### [What is being asked]
A word-for-word restatement of every entry is what is needed here.

### [Entries taken from a collection]
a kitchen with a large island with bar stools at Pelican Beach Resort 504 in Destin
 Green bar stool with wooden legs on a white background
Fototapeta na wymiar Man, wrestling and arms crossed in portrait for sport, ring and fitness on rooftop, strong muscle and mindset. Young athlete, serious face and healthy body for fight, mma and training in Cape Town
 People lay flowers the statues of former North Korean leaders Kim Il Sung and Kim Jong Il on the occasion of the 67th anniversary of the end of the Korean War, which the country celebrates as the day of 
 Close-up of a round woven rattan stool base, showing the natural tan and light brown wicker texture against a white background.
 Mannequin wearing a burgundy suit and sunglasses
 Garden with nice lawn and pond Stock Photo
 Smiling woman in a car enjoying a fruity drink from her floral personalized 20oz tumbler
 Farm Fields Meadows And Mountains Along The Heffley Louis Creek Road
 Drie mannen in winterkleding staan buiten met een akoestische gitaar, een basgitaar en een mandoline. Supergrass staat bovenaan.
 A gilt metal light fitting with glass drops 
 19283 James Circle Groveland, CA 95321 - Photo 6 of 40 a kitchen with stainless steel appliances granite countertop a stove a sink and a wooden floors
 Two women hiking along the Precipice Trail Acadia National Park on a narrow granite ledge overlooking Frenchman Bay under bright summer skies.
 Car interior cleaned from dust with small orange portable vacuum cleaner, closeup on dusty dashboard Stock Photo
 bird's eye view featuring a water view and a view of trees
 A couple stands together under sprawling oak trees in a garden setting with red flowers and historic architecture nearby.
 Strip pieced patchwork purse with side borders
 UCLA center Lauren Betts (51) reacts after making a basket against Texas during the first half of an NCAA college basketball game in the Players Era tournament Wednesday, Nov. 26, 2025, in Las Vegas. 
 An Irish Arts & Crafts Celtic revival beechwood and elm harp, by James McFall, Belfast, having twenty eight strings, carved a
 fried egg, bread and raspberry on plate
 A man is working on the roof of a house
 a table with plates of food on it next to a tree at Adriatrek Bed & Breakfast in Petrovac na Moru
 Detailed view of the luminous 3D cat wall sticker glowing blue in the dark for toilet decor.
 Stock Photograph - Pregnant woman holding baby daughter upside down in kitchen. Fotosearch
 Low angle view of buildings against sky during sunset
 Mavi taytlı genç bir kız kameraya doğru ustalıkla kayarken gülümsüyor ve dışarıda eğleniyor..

### [Your solution]
a kitchen with a large island with bar stools at Pelican Beach Resort 504 in Destin
 Green bar stool with wooden legs on a white background
Fototapeta na wymiar Man, wrestling and arms crossed in portrait for sport, ring and fitness on rooftop, strong muscle and mindset. Young athlete, serious face and healthy body for fight, mma and training in Cape Town
 People lay flowers the statues of former North Korean leaders Kim Il Sung and Kim Jong Il on the occasion of the 67th anniversary of the end of the Korean War, which the country celebrates as the day of 
 Close-up of a round woven rattan stool base, showing the natural tan and light brown wicker texture against a white background.
 Mannequin wearing a burgundy suit and sunglasses
 Garden with nice lawn and pond Stock Photo
 Smiling woman in a car enjoying a fruity drink from her floral personalized 20oz tumbler
 Farm Fields Meadows And Mountains Along The Heffley Louis Creek Road
 Drie mannen in winterkleding staan buiten met een akoestische gitaar, een basgitaar en een mandoline. Supergrass staat bovenaan.
 A gilt metal light fitting with glass drops 
 19283 James Circle Groveland, CA 95321 - Photo 6 of 40 a kitchen with stainless steel appliances granite countertop a stove a sink and a wooden floors
 Two women hiking along the Precipice Trail Acadia National Park on a narrow granite ledge overlooking Frenchman Bay under bright summer skies.
 Car interior cleaned from dust with small orange portable vacuum cleaner, closeup on dusty dashboard Stock Photo
 bird's eye view featuring a water view and a view of trees
 A couple stands together under sprawling oak trees in a garden setting with red flowers and historic architecture nearby.
 Strip pieced patchwork purse with side borders
 UCLA center Lauren Betts (51) reacts after making a basket against Texas during the first half of an NCAA college basketball game in the Players Era tournament Wednesday, Nov. 26, 2025, in Las Vegas. 
 An Irish Arts & Crafts Celtic revival beechwood and elm harp, by James McFall, Belfast, having twenty eight strings, carved a
 fried egg, bread and raspberry on plate
 A man is working on the roof of a house
 a table with plates of food on it next to a tree at Adriatrek Bed & Breakfast in Petrovac na Moru
 Detailed view of the luminous 3D cat wall sticker glowing blue in the dark for toilet decor.
 Stock Photograph - Pregnant woman holding baby daughter upside down in kitchen. Fotosearch
 Low angle view of buildings against sky during sunset
 Mavi taytlı genç bir kız kameraya doğru ustalıkla kayarken gülümsüyor ve dışarıda eğleniyor..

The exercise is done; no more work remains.